The July 28 event was the first time the Healing Temple Church of God in Christ featured the topic of violence in its annual parade. In a community that has experienced 20 homicides in seven months, organizers recognized the importance of promoting peace in their neighborhood.

“This year, adding the violence piece, we’re hoping to bring more awareness that we need to deal with the violence in our community, which goes hand-in-hand with drug-use,” said Elizabeth Lockhart, executive director of Healing Temple C.O.G.I.C. and a life-long Austin resident.

Lockhart’s father started Healing Temple more than 35 years ago. Her brother, the Rev. Larry Lockhart, serves as pastor of the church.

“We have to learn how to communicate in our community; if I’m angry with you, we need to talk about it and not shoot each other,” she said. “We need to train our young folk to possess better communication skills, so they won’t do drugs, so they won’t be violent, and we need to get that message out there.”

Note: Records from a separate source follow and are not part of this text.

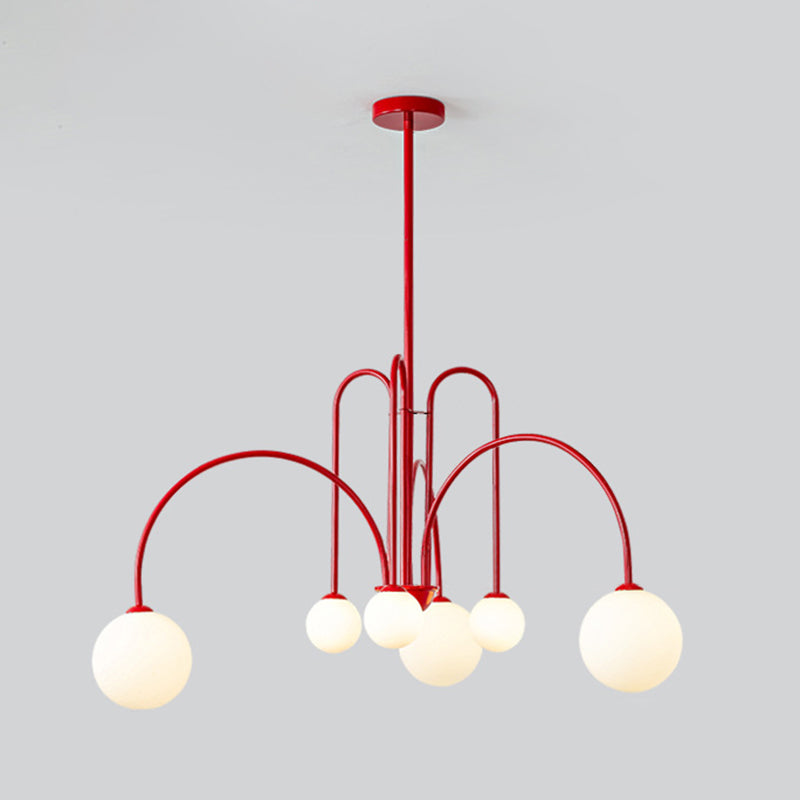 Modern Simplicity Round Ceiling Chandelier Milk Glass Hanging Light for Living Room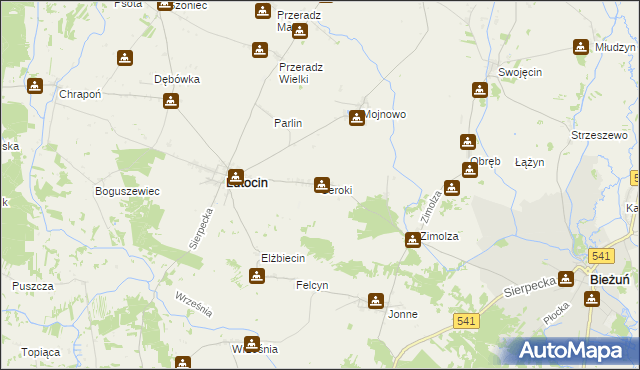 mapa Seroki gmina Lutocin, Seroki gmina Lutocin na mapie Targeo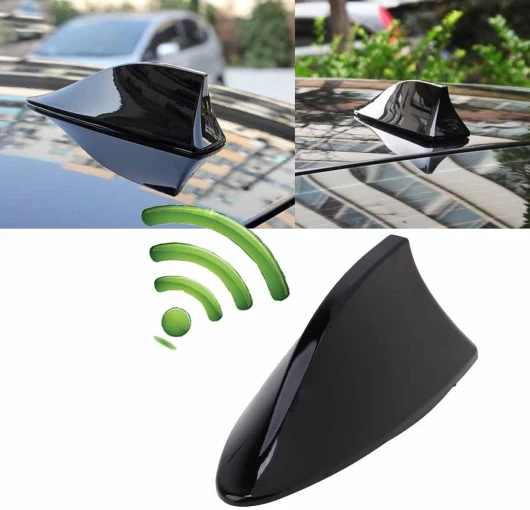 Possbay Antenne Requin Antenne D'aileron de Requin Universelle Antenne de Voiture avec AM FM Radio Signal Base étanche (Noir) A-Noir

Kicking off at 9 a.m., the parade featured the South Shore Drill Team, Exodus Drum and Bugle Corps, the Chicago Sky, whose mascot handed out souvenirs, and Ald. Emma Mitts (37th), who greeted constituents while her team of aides passed out neighborhood watch posters with “we call police” in big black and red letters, meant for residents to put in their windows.

With a group of boys from the congregation dressed in military fatigues, the Rev. Lockhart led the parade with call-and-response military chants about saying no to drugs.

“We need to help the kids get off the streets and make sure the younger kids don’t start selling drugs and doing the wrong things in life,” said Laverta Pitts, 23, a life-long resident of Austin whose three sons, at 3, 6 and 9-years-old, all marched in the parade carrying anti-drug and violence signs.

“I’m scared for my kids all the time,” she said. “Being a part of this parade and being active in the church, I hope it’ll show kids to stop the violence and communicate with others, and not to sell drugs, because drugs lead to the violence.”

The parade marched west from the front of Healing Temple, at 4941 West Chicago Ave., to Central Avenue, then north to West Augusta Boulevard and over to Cicero Avenue, then back to Chicago Avenue and Healing Temple.

Afterward, the church hosted a party where they served food and played music.

“Everybody needs to do all they can to stop the drugs and violence,” Ald. Mitts said. “The violence is out of control … for the last couple of weeks I’ve been meeting with the West Side elected officials to come up with ways to do something — there’s always something you can do.”

“We need to get a movement going. People want to get involved, but they don’t know how. So we’re going to set up committees,” she said.

“We need to make this a priority, but first we need to hear what the community is saying. So we’re talking about putting questionnaires out on the street to hear what people say.”